Beitrag von Hayat_Intisar »

Da hast du Recht "kämpfen" kann man auch in einem anderen Kontext verstehen. Ich denke, man übersieht das halt manchmal, weil der entsprechende Vers schon auf bestimmte historische Gegebenheiten Bezug nimmt.
Nur, dass ja viele Verse mehrdeutig sind, einfach verschiedene Ebenen ansprechen. :)

Als erstes zeigt für mich dieser Vers, dass die damaligen Muslime offensichtlich alles andere als kriegslüstern waren, denn es wird ja darauf eingegangen, dass es ihnen widerwärtig ist. Was ich persönlich für einen positiven Charakterzug halte. Und wenn ich so an manche medialen Bilder denke, in denen es darum geht, dass man schon Kindern beibringt, wie toll es doch ist eine Waffe zu haben, wie toll das Kämpfen ist, so zeigt dieser Vers, dass es so auch nicht erwünscht sein kann. Kämpfen aufeinmal als etwas erstrebenswertes, tolles anzusehen.
Ich kann aus diesem Vers nämlich auch nicht herauslesen, dass man es schön finden soll. Sondern einfach akzeptieren soll, dass es auch Situationen geben kann, wo einem nichts anderes übrig bleibt.

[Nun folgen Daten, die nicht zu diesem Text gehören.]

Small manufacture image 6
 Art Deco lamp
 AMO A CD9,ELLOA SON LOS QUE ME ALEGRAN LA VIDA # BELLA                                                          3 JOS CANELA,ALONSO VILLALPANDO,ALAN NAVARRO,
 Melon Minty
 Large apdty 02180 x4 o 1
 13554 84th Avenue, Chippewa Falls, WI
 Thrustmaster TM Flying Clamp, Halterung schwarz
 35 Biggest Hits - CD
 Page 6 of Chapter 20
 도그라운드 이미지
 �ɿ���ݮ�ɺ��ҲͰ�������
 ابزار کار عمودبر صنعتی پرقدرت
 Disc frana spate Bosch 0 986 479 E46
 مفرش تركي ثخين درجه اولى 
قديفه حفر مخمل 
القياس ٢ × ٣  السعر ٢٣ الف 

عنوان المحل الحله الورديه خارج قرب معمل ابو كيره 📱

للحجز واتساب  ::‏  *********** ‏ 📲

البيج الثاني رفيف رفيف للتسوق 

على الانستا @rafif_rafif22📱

Und dass man manchmal etwas tun muss, dass einem schwer fällt, für das man Abscheu empfindet.
Ja, der Islam ist keine pazifistische Religion in dem Sinne, dass man auf keinen Fall kämpfen darf, töten darf. Das heißt aber nicht, dass der Kampf als das erste Mittel der Wahl gelten sollte.
Und wenn ich mir die islamische Geschichte anschaue, dann war es auch nicht das erste Mittel, zu dem gegriffen wurde.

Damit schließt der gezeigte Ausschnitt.